IoUringBackend backend = new IoUringBackend();
backend.initialize(config);
backend.registerBufferPool(bufferPool);
backend.connect(new InetSocketAddress("localhost", 8080), token);
backend.submitBatch();
backend.waitForCompletion(1000, handler);

Requirements

  • Linux kernel 5.1+ (5.6+ recommended, 6.0+ for zero-copy send)
  • liburing installed (liburing.so, typically from liburing-dev package)
  • Java 21+ with --enable-native-access=ALL-UNNAMED
See Also:
  • Constructor Details

    • IoUringBackend

      public IoUringBackend()
      Creates a new io_uring backend with default configuration.

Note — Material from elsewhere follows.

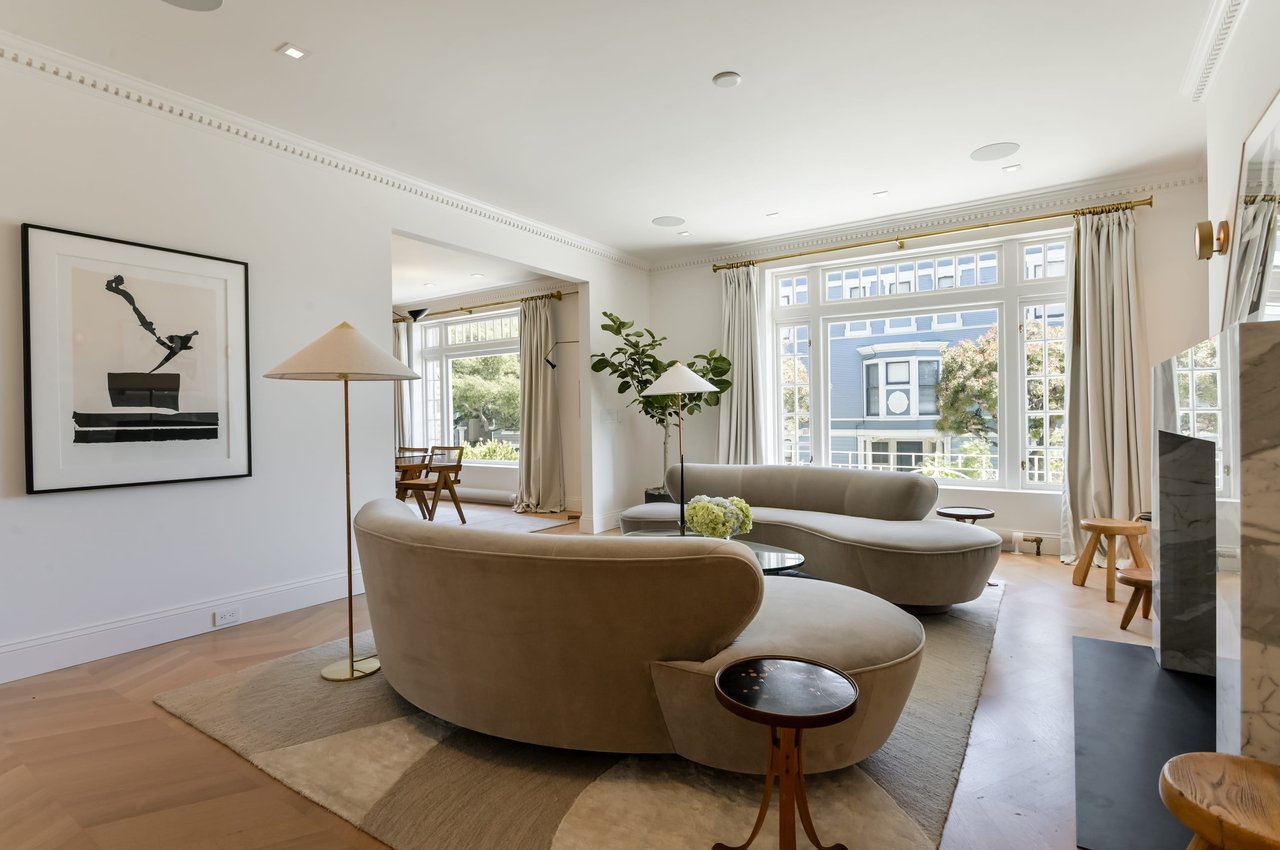 Incomparable Light and Elegance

      Allocates the io_uring structure and pre-allocated hot-path structures. The backend must be initialized via initialize(TransportConfig) before use.

      This constructor creates a backend that owns the io_uring ring and is responsible for cleanup when closed.

  • Method Details

    • initialize

      public void initialize(TransportConfig config)
      Description copied from interface: TransportBackend
      Initializes the backend with the given configuration.

      This is called once during transport creation. Implementations should allocate resources, initialize the I/O subsystem, and prepare for operations.

      Specified by:
      initialize in interface TransportBackend
      Parameters:
      config - the transport configuration
    • registerBufferPool

      public void registerBufferPool(RegisteredBufferPool pool)
      Description copied from interface: TransportBackend
      Registers a buffer pool with this backend for zero-copy I/O.

      For io_uring, this calls io_uring_register_buffers() to pre-register memory regions with the kernel. For other backends, this may be a no-op.

      Specified by:
      registerBufferPool in interface TransportBackend
      Parameters:
      pool - the buffer pool to register
    • initBufferRing

      public boolean initBufferRing(int nentries, int bufSize, short bgid)
      Initialize a buffer ring for kernel-managed buffer selection.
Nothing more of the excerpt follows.